Review Of “Scenes From A Marriage,” via The New York Theatre Workshop

Facebooktwitterredditpinterestlinkedinmailby feather
Ingmar Bergman's Scenes From A Marriage (1972). (c) Criterion

Ingmar Bergman’s Scenes From A Marriage (1972). (c) Criterion

Yesterday afternoon, I was at the New York Theatre Workshop’s performance of Ingmar Bergman’s Scenes From A Marriage (trans. Emily Mann), which boasts a run-time similar to the original film’s. This makes sense, as Scenes is a film that naturally lends itself to theater: it mostly takes place in simple interiors, focuses on long, involved scenes — often involving just 2 characters — and draws much of its power from the gestures, expressions, body language, and intonations that, alongside the great writing, really drives the narrative forward. No, it is not superficially dependent upon its visuals (like many purportedly ‘visual’ films are), but there was as much in Liv Ullman and Erland Josephson’s expressiveness as in, say, an Antonioni landscape, that gave Scenes From A Marriage a depth that lesser actors would have merely occluded.

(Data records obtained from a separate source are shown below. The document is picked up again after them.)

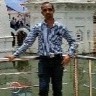 Niraj Shrivastav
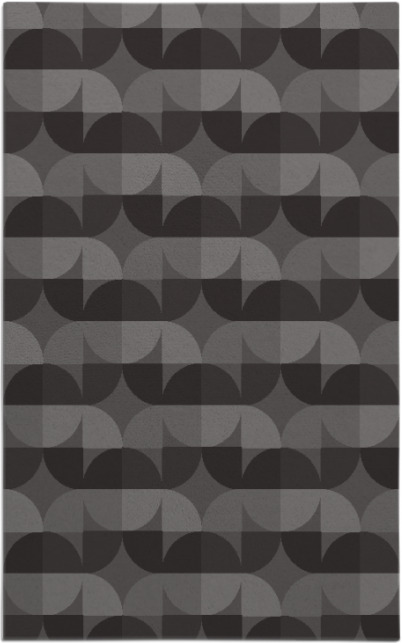 expression rug - item 104157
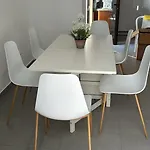 Apartament Bungamerica - Costa Adeje Playa de las Americas (Tenerife)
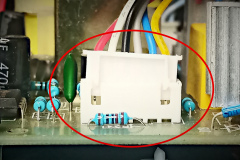IMG_20201030_150303Z_repair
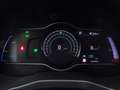 Hyundai KONA EV Premium 64 kWh * CARPLAY * WARMTEPOMP !! Wit - thumbnail 22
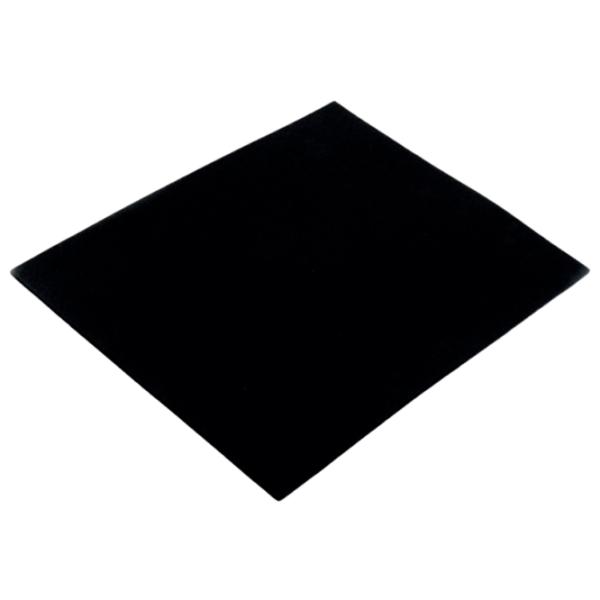 Material de izolare CTK 83067 Black / Cauciuc photo 1 Material de izolare CTK 83067 Black / Cauciuc photo 1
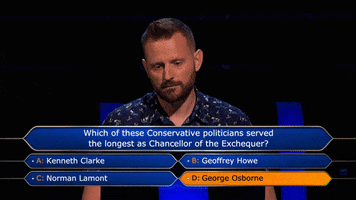 200.gif?cid=fc005b08047cdbb5fb51203817ba70979e19f6b456eb70a6&rid=200.gif&ct=g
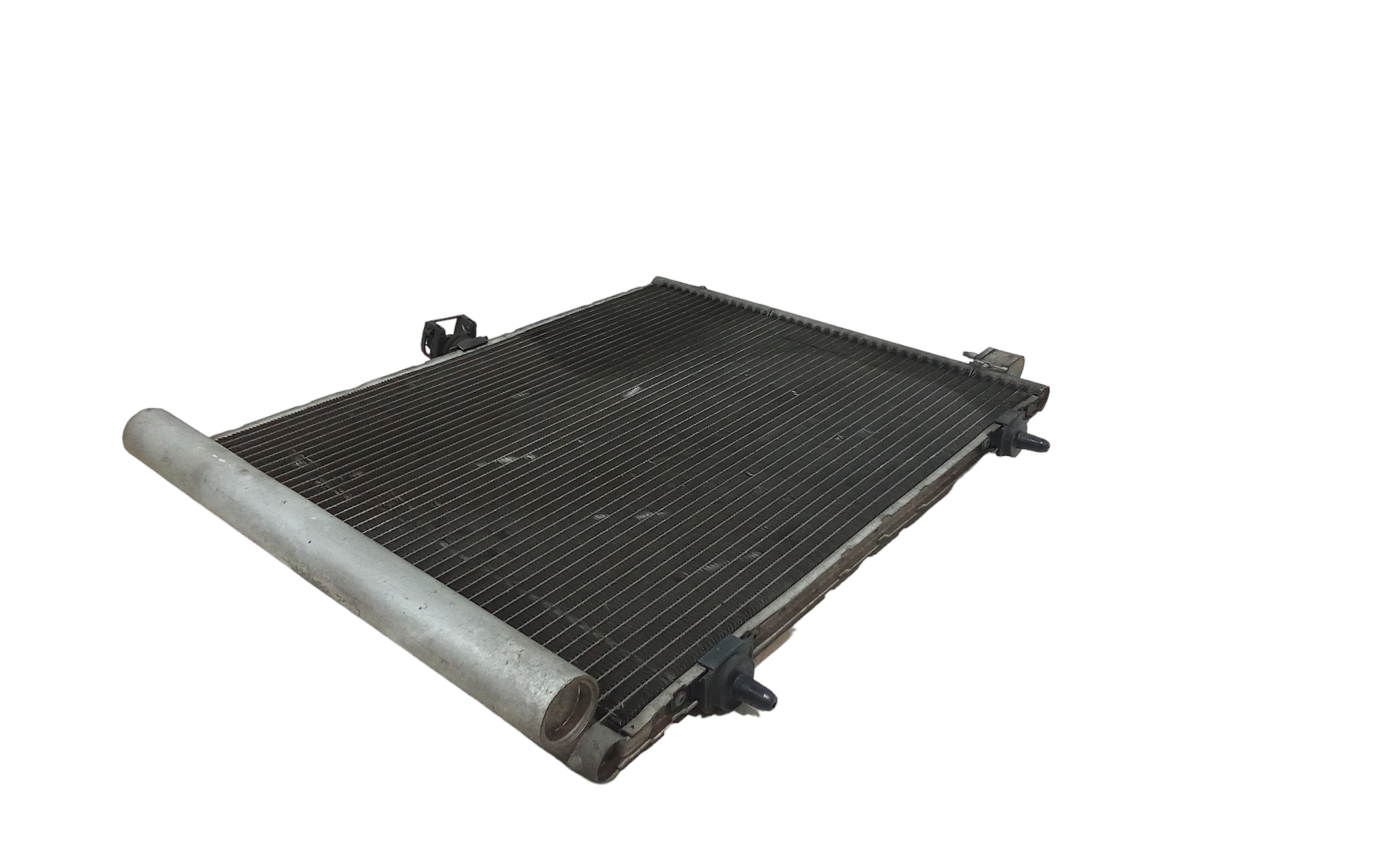 Radiatore A/C per Citroen C3 Serie (09>15) (2009 - 2015)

Ivo van Hove‘s play, however, is not the film, and judging the play for what it’s NOT would be a critical faux pas from which there is simply no return. So, what is it, exactly, and what is its relationship with Bergman? Well, it takes many of the film’s key scenes — the discovery of Johan’s infidelity, the dinner with Peter and Katarina, Marianne’s pregnancy, and a few others — and splits them out of order, into an arbitrary sequence played by a revolving door of actors. For the first 2 hours, these scenes play out simultaneously to smaller groups, which are separated by a couple of thin walls through which the music, shouting, and action of earlier/later scenes is still audible. The viewers witness whichever scene they happened to have sat down to, and move every 30-40 minutes to a new scene while the others re-play for new audience members. This goes on until the intermission, after which all the lead actors come together, as 3 Johan/Marianne duos, to act out the next part simultaneously, first taking turns with lines before climaxing into a rumble (as per the film’s divorce scene) that has everyone merely shouting at one another in an odd, anomic scene that left at least a few audience members frustrated and aghast.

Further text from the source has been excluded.